セキュリティリスクというと、外部からの攻撃や紛失、盗難などが多いと考えがちです。しかし、実際には内部不正も少なくありません。実際、IPA(情報処置推進機構)が毎年発表している「情報セキュリティ10大脅威」の2020年度版で内部不正は「標的型攻撃による機密情報の窃取」のに続き2位です。

オフィス内に比べ監視の目がほとんどないテレワークでは、外部だけではなく、内部不正のリスクも高まります。

 

 

セキュリティ対策方法は?


テレワークを運用するうえでのセキュリティリスクを回避するにはどうすればよいのでしょう。ここではその対策方法を説明します。

 

セキュリティソフト導入の徹底

会社側で貸与したパソコンはもちろん、個人所有のデバイスであっても、セキュリティソフトを必ず導入するようにします。ログイン時の多要素認証設定やログ監視も必須です。

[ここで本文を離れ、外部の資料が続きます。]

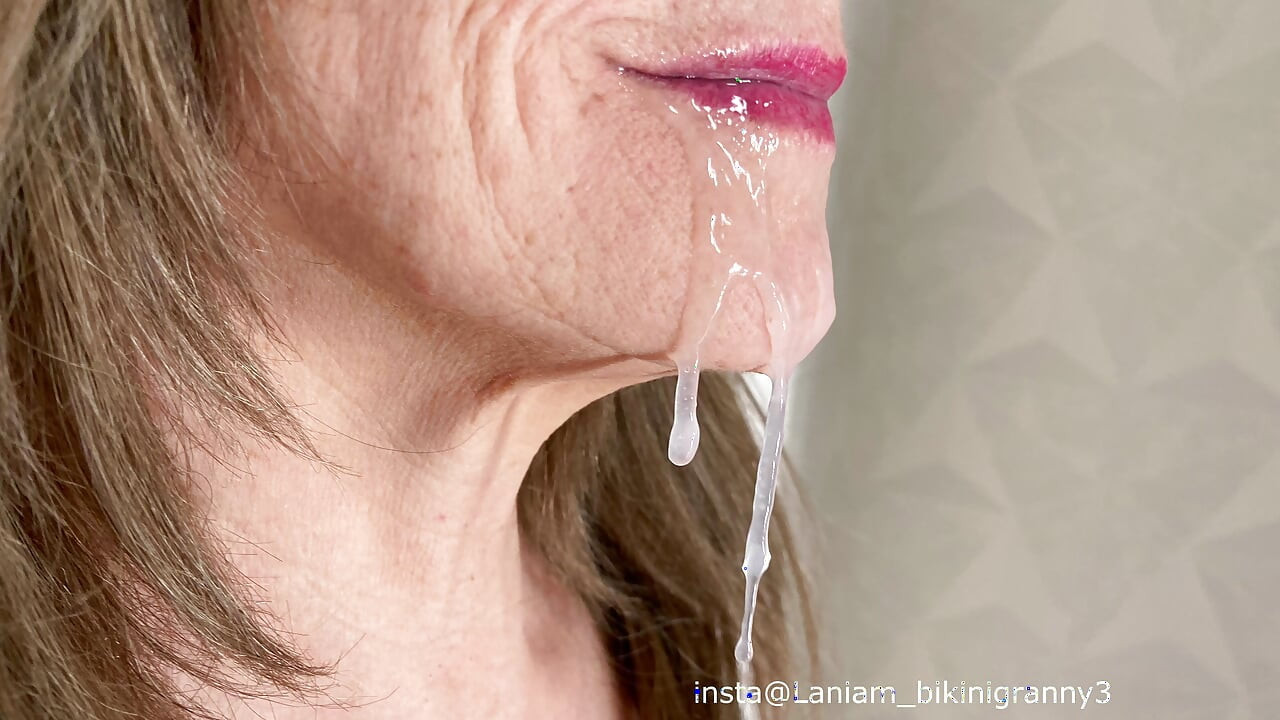 Sarkık memeli nine aşırı gırtlağına kadar alıyor ve sperm yutuyor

また、タブレットやスマートフォンなど紛失、盗難リスクがあるデバイスは会社側で管理ツールを導入し、万が一の際にはデータ消去、パスワードロックをできるようにします。

 

社員に対するセキュリティ教育の徹底

テレワークを行う社員に対するセキュリティ教育を徹底します。情報漏洩やデータ消失のほとんどは社員のセキュリティに対する知識のなさや認識の甘さからくるものです。

不要なソフトウェアのインストールをしない、パスワードを何回も変えたりしないなどの基本的なことから、VPNの設定、データの暗号化などセキュリティリスク全般の教育を定期的に行うようにします。

 

 

まとめ


これまでITツールのセキュリティ対策は会社任せといった方も多いかもしれません。しかし、テレワークとなれば、自らが意識しないと会社に大きな損失が生じてしまう可能性もあります。会社、個人双方がしっかりと意識して対策を行うようにしましょう。